Low-temperature synthesis of tungsten diboride powders via a simple molten salt route

High-temperature ceramics have gained considerable interest in various applications, the recent one being aeronautical applications. To date, taking advantage of technological advancement, different types of tungsten materials have been developed. In particular, tungsten borides have been researched for high-temperature structural, wear-resistant, and corrosion resistance applications owing to their excellent properties. Moreover, experimental research on tungsten borides has been encouraged to improve their properties and expand their applications to different fields. However, the previous studies focused mainly on the theoretical predictions with limited experimental support.

Among the reported tungsten borides, WB₂ have been extensively researched since its discovery several decades ago. Like most tungsten borides, it is synthesized using different methods, including molten salt electrolysis, the solid-state reaction, among others. However, these techniques have several drawbacks that making them unsuitable for fabricating ceramics. Recently, the molten salt synthesis technique was identified as a promising solution to address the above challenges. This method is advantageous in that it provides a liquid phase environment for the reaction process to thrive. It also allows for adequate time for blending the raw materials besides reducing the reaction temperature and energy consumption. Unfortunately, this method has not been thoroughly investigated for the low-synthesis of tungsten diboride materials.

Dr. Ke Ma, Professor Xiangxin Xue, and Associate Professor Xiaozhou Cao from the Northeastern University studied the low-temperature synthesis of tungsten diboride using the simple molten salt method. Mainly, the molten salt synthesis process was explained using two different mechanisms, namely, template formation and dissolution-precipitation mechanism. The main aim was to develop a foundation framework for studying the synthesis processes and properties of ceramic materials. Their research work is currently published in the International Journal of Applied Ceramic Technology.

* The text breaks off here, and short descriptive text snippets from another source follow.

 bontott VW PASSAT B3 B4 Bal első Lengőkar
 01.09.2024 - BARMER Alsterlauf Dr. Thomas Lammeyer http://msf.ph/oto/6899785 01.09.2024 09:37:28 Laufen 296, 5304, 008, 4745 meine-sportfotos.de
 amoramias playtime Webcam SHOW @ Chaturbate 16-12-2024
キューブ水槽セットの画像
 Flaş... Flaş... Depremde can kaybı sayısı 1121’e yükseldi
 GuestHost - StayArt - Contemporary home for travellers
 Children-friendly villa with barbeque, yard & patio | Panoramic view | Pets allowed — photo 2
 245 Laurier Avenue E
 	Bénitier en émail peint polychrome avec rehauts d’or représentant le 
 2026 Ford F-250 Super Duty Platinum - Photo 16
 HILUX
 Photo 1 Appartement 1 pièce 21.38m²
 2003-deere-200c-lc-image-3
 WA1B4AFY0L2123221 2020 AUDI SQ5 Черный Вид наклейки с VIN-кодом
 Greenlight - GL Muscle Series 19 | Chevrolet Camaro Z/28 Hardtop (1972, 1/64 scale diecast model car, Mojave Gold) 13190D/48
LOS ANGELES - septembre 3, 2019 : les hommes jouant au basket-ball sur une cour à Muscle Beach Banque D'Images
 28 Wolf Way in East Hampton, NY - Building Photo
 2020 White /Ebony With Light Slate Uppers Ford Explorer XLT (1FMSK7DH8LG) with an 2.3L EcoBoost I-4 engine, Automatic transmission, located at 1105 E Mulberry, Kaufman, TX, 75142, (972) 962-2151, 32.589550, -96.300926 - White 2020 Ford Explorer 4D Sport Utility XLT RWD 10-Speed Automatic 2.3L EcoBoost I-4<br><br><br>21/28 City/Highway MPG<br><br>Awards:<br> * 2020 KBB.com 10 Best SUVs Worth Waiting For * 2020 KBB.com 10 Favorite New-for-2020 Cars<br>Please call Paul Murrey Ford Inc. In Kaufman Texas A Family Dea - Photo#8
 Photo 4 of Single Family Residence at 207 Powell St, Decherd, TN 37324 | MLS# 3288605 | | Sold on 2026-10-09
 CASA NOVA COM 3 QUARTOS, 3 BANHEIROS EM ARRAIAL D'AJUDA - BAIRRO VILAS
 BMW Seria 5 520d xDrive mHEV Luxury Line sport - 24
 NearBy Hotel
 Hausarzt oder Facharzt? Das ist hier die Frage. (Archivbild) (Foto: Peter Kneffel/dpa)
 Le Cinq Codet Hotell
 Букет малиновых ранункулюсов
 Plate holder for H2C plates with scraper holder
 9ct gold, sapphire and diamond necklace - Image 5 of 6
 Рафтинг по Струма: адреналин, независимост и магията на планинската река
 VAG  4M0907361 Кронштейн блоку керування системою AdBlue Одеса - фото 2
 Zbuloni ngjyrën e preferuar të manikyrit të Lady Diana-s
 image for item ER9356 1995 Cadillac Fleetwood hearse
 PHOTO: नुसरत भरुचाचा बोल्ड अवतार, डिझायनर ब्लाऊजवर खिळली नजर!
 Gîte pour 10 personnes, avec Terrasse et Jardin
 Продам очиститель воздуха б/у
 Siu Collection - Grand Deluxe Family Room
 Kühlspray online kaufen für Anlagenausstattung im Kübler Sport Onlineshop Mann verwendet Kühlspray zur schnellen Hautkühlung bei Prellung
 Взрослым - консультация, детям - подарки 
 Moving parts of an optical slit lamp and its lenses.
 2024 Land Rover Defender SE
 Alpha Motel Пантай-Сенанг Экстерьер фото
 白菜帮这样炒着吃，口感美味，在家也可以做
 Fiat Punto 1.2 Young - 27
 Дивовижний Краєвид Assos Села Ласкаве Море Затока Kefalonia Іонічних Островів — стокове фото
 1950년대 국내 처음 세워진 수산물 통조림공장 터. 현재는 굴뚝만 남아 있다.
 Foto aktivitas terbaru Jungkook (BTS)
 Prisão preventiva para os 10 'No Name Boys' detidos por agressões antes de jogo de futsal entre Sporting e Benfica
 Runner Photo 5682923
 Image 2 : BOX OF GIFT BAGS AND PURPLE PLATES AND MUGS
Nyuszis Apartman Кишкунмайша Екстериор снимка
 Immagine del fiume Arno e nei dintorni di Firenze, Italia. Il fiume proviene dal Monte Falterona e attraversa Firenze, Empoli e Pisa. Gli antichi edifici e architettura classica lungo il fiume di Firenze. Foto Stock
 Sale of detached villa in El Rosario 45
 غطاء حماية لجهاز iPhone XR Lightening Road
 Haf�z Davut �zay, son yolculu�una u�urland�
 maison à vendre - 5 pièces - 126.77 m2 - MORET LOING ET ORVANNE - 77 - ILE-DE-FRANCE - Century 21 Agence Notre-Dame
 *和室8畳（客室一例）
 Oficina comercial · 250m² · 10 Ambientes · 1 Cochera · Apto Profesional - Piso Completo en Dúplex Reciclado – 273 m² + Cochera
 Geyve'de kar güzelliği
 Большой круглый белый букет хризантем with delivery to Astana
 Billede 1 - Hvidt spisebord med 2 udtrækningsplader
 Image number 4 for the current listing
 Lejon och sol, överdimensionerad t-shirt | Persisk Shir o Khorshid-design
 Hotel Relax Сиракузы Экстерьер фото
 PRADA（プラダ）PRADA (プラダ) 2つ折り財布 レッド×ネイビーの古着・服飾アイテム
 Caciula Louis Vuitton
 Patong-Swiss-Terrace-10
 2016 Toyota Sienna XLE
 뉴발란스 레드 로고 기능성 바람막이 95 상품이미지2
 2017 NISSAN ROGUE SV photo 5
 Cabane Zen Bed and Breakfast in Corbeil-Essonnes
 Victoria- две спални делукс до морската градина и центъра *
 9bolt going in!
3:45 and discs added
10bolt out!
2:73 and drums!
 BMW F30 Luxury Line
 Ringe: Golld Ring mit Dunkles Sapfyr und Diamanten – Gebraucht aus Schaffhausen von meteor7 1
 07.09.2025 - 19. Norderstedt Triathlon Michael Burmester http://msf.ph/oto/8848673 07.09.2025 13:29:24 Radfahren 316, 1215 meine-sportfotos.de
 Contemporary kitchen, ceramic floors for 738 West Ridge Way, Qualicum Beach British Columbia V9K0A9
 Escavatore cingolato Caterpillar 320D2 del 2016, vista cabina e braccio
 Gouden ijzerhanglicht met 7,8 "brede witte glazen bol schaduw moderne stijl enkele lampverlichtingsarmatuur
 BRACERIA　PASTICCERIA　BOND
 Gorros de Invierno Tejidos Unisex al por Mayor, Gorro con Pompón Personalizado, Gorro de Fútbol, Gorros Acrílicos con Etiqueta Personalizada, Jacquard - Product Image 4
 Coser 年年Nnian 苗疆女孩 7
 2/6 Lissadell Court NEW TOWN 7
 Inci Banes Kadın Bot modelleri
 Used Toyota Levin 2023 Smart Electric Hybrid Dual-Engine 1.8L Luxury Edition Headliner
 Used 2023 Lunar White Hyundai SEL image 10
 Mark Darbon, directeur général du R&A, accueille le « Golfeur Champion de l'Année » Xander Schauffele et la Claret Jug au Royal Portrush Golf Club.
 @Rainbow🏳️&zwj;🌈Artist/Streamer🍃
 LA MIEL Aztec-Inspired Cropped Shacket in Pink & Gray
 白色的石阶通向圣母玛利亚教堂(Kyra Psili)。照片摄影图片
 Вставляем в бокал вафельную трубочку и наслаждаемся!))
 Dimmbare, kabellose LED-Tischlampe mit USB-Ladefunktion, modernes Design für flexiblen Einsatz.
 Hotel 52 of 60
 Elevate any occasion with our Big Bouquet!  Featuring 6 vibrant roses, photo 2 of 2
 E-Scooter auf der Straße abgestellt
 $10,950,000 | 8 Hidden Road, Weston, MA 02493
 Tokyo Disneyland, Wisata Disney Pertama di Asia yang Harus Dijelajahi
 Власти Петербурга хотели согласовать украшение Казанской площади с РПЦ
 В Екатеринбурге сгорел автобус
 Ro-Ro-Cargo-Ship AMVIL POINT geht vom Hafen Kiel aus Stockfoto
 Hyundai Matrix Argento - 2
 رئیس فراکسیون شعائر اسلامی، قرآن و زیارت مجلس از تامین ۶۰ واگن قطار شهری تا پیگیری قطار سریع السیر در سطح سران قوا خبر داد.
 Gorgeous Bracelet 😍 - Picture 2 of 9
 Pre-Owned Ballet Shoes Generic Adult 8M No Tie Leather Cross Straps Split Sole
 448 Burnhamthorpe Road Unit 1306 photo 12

In their approach, tungsten powder and amorphous boron powder were used as starting materials during the preparation of WB₂. The liquid environment, generally associated with molten salt synthesis, was created by adding NaCl and KCl salts. The authors studied in detail the effects of different factors: reaction temperature, reactants to salt weight ratio, and reaction time on the synthesis process. Additionally, the oxidation resistance of WB₂ powders was also investigated. Finally, they evaluated the formation mechanism influencing the synthesis process.

The authors reported a successful synthesis of WB₂ powders at a low temperature of 1000 °C. X-ray diffraction and scanning electron microscopy revealed the effects of various factors on the synthesis process. The introduction of the NaCl-KCl salts resulted in a reduction of the synthesis temperature of the WB₂ phase, attributed to the accelerated diffusion rates of particles in the liquid-state compared to the solid-state. Additionally, it was noted that at a low temperature of 1000 °C, the formation of the WB₂ occurred regardless of the reaction time. An increase in the reaction time led to a transformation of WB phase into WB₂ phase with several peaks. A longer reaction time was characterized by coarse hardening. However, the optimum reaction time was reported to be 3 hours, after which a complete single-phase product was formed. Furthermore, the resulting WB₂ powders exhibited a hexagonal crystal structure as well as good thermal stability property.

In summary, the study gave more insights into the synthesis of WB₂ powders at a low temperature of 1000 °C using a simple molten salt synthesis method. This method outperformed the conventional solid-state reaction technique. Results showed that the synthesis process highly depended on the template formation mechanism. According to Professor Xiangxin Xue, the study provides useful insights on the tungsten diboride powders via a simple molten salt technique. In a statement to Advances in Engineering, he said the results would benefit the scientific community by providing a framework for studying and developing advanced methods for preparing high-performance ceramics.